#' Person fit index computation
#' @description
#' Calculates person fit statistics. Models currently supported are 1-3 PL, GPCM, Rasch Testlet, and a mix of these models.
#' * For traditional test (i.e., standalone items only), this is lz* described in Snijders (2001).
#' * For Cluster items, this is lzt* described in Lin et.al (2024), which extends the lz* to the Rasch testlet
#' model when theta is estimated by MMLE, .
#'
#' @param theta a scalar or a vector of examinee ability
#' @param SA_dat For one examinee, a vector of response to standalone items.
#' For more than one examinee, a matrix or dataframe of response to standalone items. One assertion per column.
#' Column order must match row order in \code{SA_parm}. Use NA for missing responses
#' @param Cluster_dat For one examinee, a vector of response to cluster items.

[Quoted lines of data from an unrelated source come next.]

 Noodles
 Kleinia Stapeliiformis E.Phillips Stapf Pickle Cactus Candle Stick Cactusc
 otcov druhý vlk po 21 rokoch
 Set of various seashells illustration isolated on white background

#' For more than one examinee, a matrix or dataframe of response to cluster items. One assertion per column.
#' Column order must match row order in \code{Cluster_parm}. Use NA for missing responses.
#' @param SA_parm a matrix or dataframe of item parameters for standalone items, where columns are
#' a (slope), b1, b2, ..., b_k (difficulty or step difficulty), g (guessing), ItemID, and AssertionID.

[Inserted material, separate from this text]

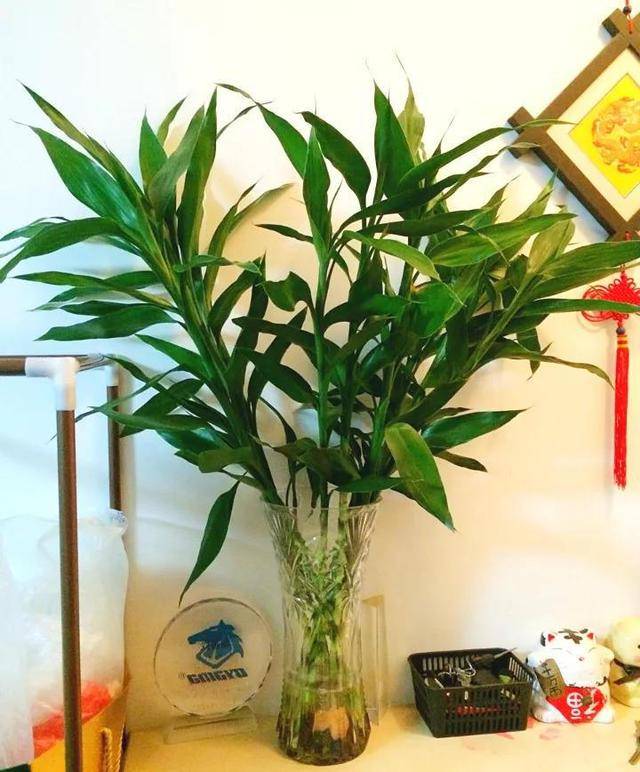 富贵竹几天长出根 b0f8f89fb6814825967e1299882297b0.jpeg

#' Columns must follow the above order.
#' See \code{example_SA_parm} for an example. Use \code{?example_SA_parm} for detailed column descriptions
#' @param Cluster_parm a matrix or dataframe of item parameters for cluster items, where columns are
#' a (slope), b (difficulty), cluster variance, cluster position, ItemID, and AssertionID.
#' Columns must follow the above order.
#' See \code{example_Cluster_parm} for an example. Use \code{?example_Cluster_parm} for detailed column descriptions
#' @param Dv scaling factor for IRT model (usually 1 or 1.7)
#' @param Alpha a numeric vector for one or more nominal type I error rates for flagging aberrant responses.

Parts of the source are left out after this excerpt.